I clean, I read, I sew, I crochet, I play with the dog, I watch TV, I write... We have the cleanest house on the block. We have a maid and in my worked up state, I retrace her steps.

I'm not bipolar. I've been down that road with one too many shrinks and I am confident that the last one was correct.

I don't handle stress well. Actually... let me correct that. I don't handle stress at all; I stuff it. Eventually I run out of places to stuff my emotions and it explodes. At that point, I'm either depressed or anxious as hell. It is miserable. At times I feel paralyzed while sinking in quicksand when I am on anxiety overdrive. That is where I am now.

Like I said, my anxiety is not treated with medication. I self-medicate instead. Last night I washed my antidepressant pills down with vodka. It that isn't the picture of health, I don't know what is...

I'll be OK, I always am. Despite how this all sounds, I am attempting to deal with my anxiety in healthier ways. I will go to therapy this week and actually talk; I will also write more. The weather is nice and hubby suggested, as he watched the vodka/pill display last night, that we start taking a walk in the evenings. I can do that too.

Wednesday, April 1, 2009

"Z"

The impending doom of the letter "Z".

That's what is on my 5 year old's mind these days.

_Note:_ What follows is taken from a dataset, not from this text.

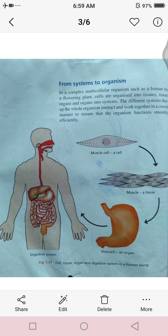Here is a diagram in which there is a muscle cell. This cell combines to form a tissue, and different tissues combine to form an organ. Here is an example of the stomach. When different organs combine, they form a digestive system. In the digestive system you can see the mouth, esophagus, stomach, small intestine, and large intestine — different organs making up the system.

She is a bright little girl; she's been reading since she was 4 and she thoroughly loves her pre-kindergarten class. However, she has been expressing that she is nervous about starting kindergarten in the school with the big kids. Completely understandable. Hell, I'm nervous myself!

This year, they have a "letter of the week" and they learn the sounds the letter makes, words that start with that letter and then words that rhyme with those corresponding words.

Lately she has been not wanting to go to school and especially dreading a new week. Last night we finally figured out why. She announced over dessert that the letter they are working on this week is the letter "Y". Next week is the letter "Z". And then... she's doomed. Yes, she literally said "doomed".

Evidently, on the playground her classmates and her have collectively decided that upon ending letter "Z" week, they will promptly be dropped of at the elementary school doors to find their classroom and fend for themselves amongst the big kids. We tried our absolute hardest not to laugh and I think we managed really big smiles instead of laughter. We did our best to explain to her that that would not be happening and that she had the rest of this Spring and then the whole Summer to get ready for kindergarten and then we would take her to school. She seemed pleased with our answer and was actually excited to go to school today.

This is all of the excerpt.